Leave out every picture and set down, exactly, the lines below from the one holding "Paris Hilton 'Cried'" up to and including the one holding "2023 Nissan Rogue".

> _Given data_:
>>>
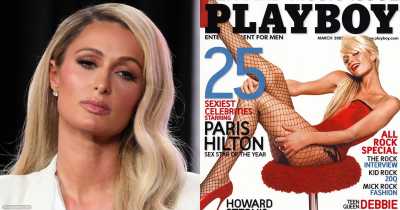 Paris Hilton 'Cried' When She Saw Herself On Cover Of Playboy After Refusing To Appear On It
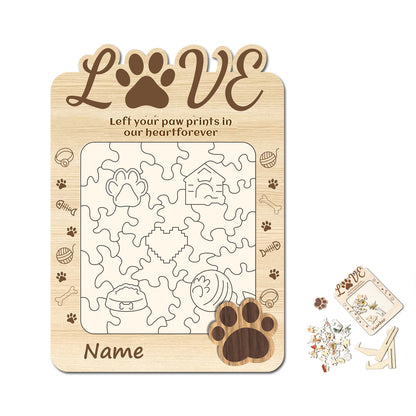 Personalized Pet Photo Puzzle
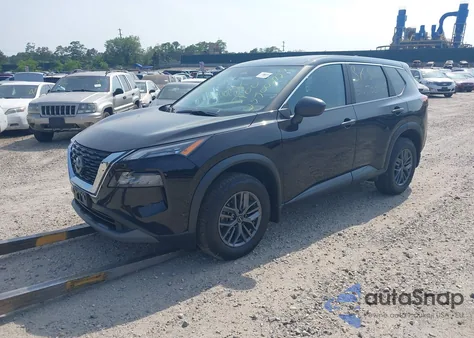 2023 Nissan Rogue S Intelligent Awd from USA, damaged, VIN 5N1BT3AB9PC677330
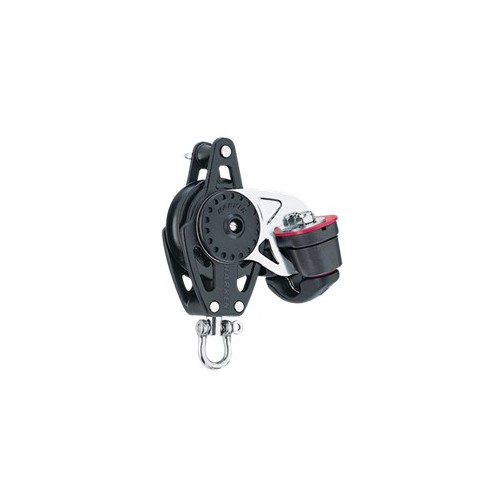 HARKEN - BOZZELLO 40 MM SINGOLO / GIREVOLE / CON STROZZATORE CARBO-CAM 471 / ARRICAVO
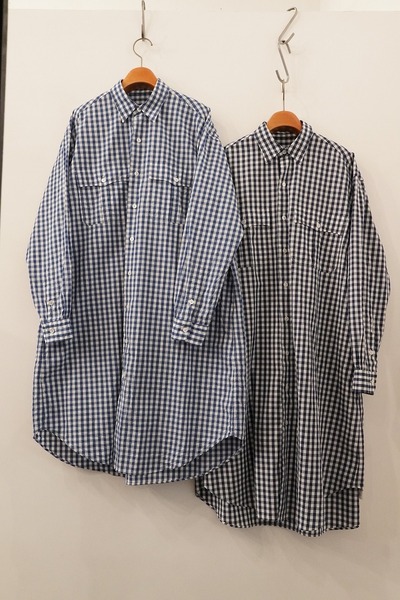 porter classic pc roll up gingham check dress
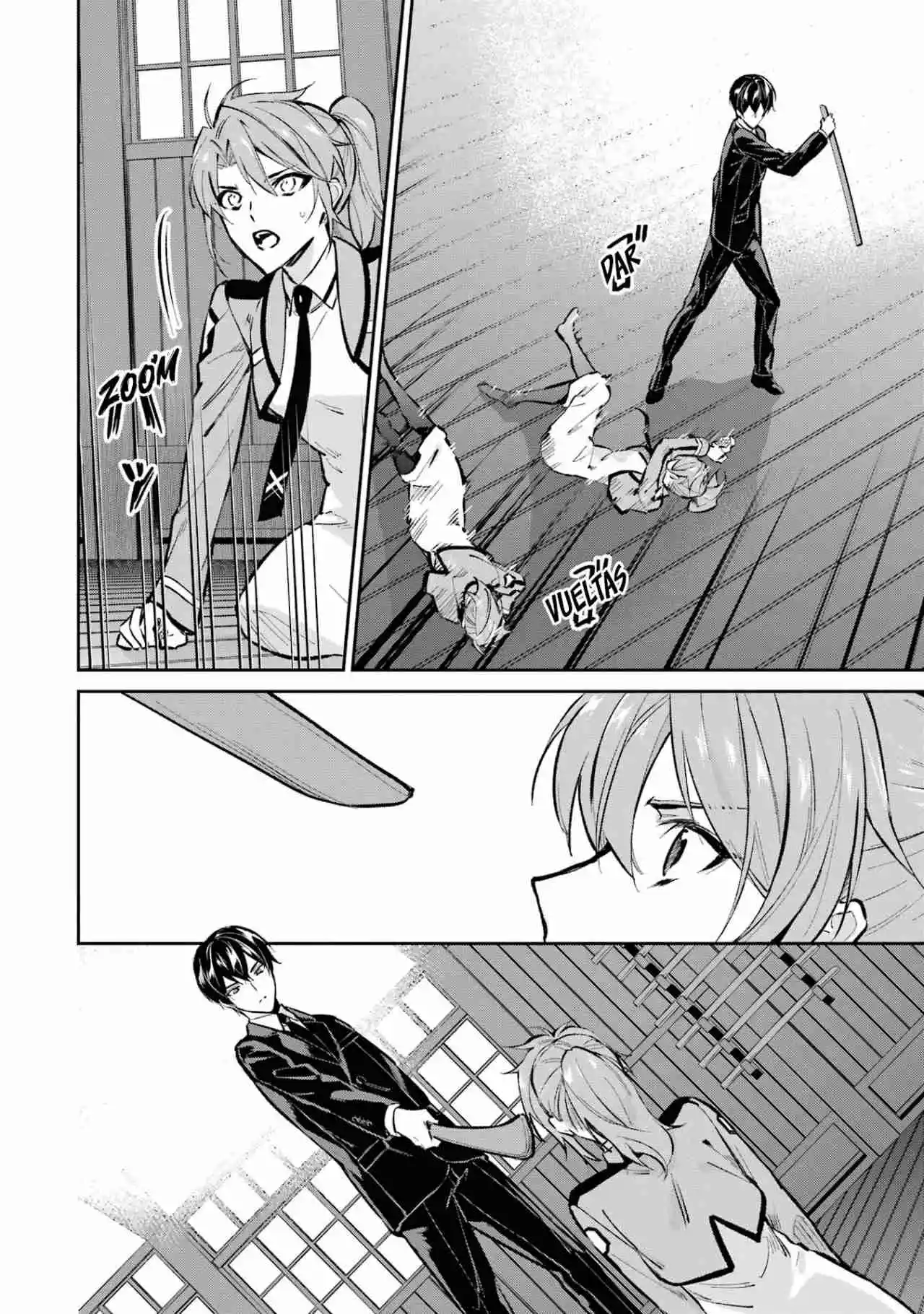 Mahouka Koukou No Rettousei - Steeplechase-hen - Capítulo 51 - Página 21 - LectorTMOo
<<<
>>>
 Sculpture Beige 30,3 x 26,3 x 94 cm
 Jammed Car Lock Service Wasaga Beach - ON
<<<
> _Response_:
 Paris Hilton 'Cried' When She Saw Herself On Cover Of Playboy After Refusing To Appear On It
 Personalized Pet Photo Puzzle
 2023 Nissan Rogue S Intelligent Awd from USA, damaged, VIN 5N1BT3AB9PC677330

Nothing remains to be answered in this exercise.